I have a '98 Altima. I must have had a loose/poor connection where the fuel pump wire harness attaches to the bottom of the plate at the top of the fuel tank. The result was that the plastic around the connection point of the plate and harness melted. I was able to buy a new plate from local Nissan dealer, but they are telling me that I will have to buy a new fuel sending unit to get the power supply harness for the fuel pump. The fuel sending unit is fine, and I really hate to spend 88 bucks for a part that I don't need in order to get that little wire harness. 
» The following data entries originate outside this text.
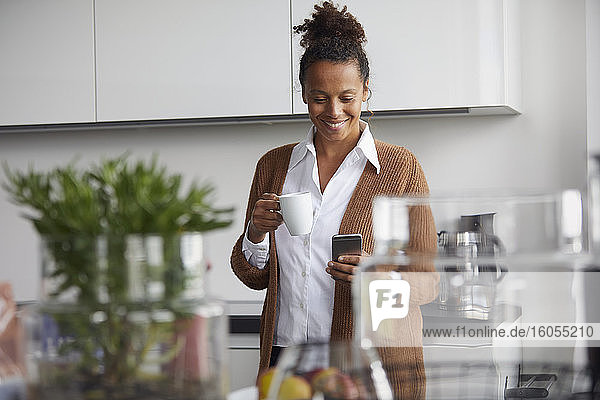 Porträt einer lächelnden Geschäftsfrau  die mit einer Tasse Kaffee in der Küche steht und auf ihr Mobiltelefon schaut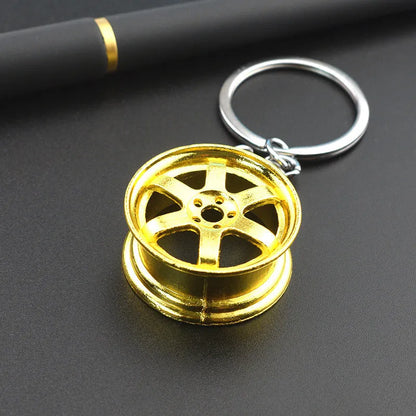 Zinc alloy car wheel hub keychain in black, gold and silver colour options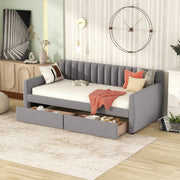 DreamHaus upholstered storage daybed with slat support, featuring a cozy fabric surface and built-in storage drawers underneath.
Anyone know where I might be able to get one without buying the whole fuel sending unit? Any suggestions on a safe alternative?

Thanks


----------



## KA24Tech (Feb 2, 2004)

You could build your own with wire, heat shrink tubing and connectors from Radio Shack. I would check the ground because it sounds like there was a lot of current going thru that. I don't know if this is an alternative but just throwing something out there.

Troy


----------



## RichinNO (Jan 18, 2006)

Thanks, I'll check for a good ground. Do you know if a special type of insulated wire is required in this application. I would think that standard wire insulation could not hold up to continuous immersion in gasoline.


----------



## KA24Tech (Feb 2, 2004)

Actually a good plastic cover on the wire will not have a much problem because it is not flexing. The other alternative if it makes you feel better about it, would be going to a salvage yard or a pull your own parts place and get the connector and harness that way.

Troy


----------



## unbelievableny (Mar 12, 2006)

YOU can not splice tape and heat shrink the harness
It is immeresed in gasoline and you run the risk of the gas tank exploding or a serious fire which could cause serious bodily injury to the occupants as well as the car AND the car or cars you will damage when the explosion occurs

i am in the sme predicament with ny 1996 altimai and for some reason can not locate the 4 inch damaged plug in pigtail harness that connects my fuel pump into the tube plate orafice
nissan dealers in my area say it is nO longer manufactured and local salvage yards say its too old and they dont save parts for a 18 year old nissan altima


So my altima sits in the street either until i find the piece or decide to scrap it altogether
if anybody in new york has this 5 dollat piece as well as the tube plate assembly it plugs in please let me know used is fine as long as its not damaged


----------



## MTips18 (Apr 30, 2010)

I know this thread is old, but you can use a connector off a 95/96 sentra or maxima. They both use the exact same piece as the altima. The maxima connetor is actually two inches longer then the altima or sentra connector.

Tube plates (the part that the wire plugs into) can be bought from the dealer for $30.


----------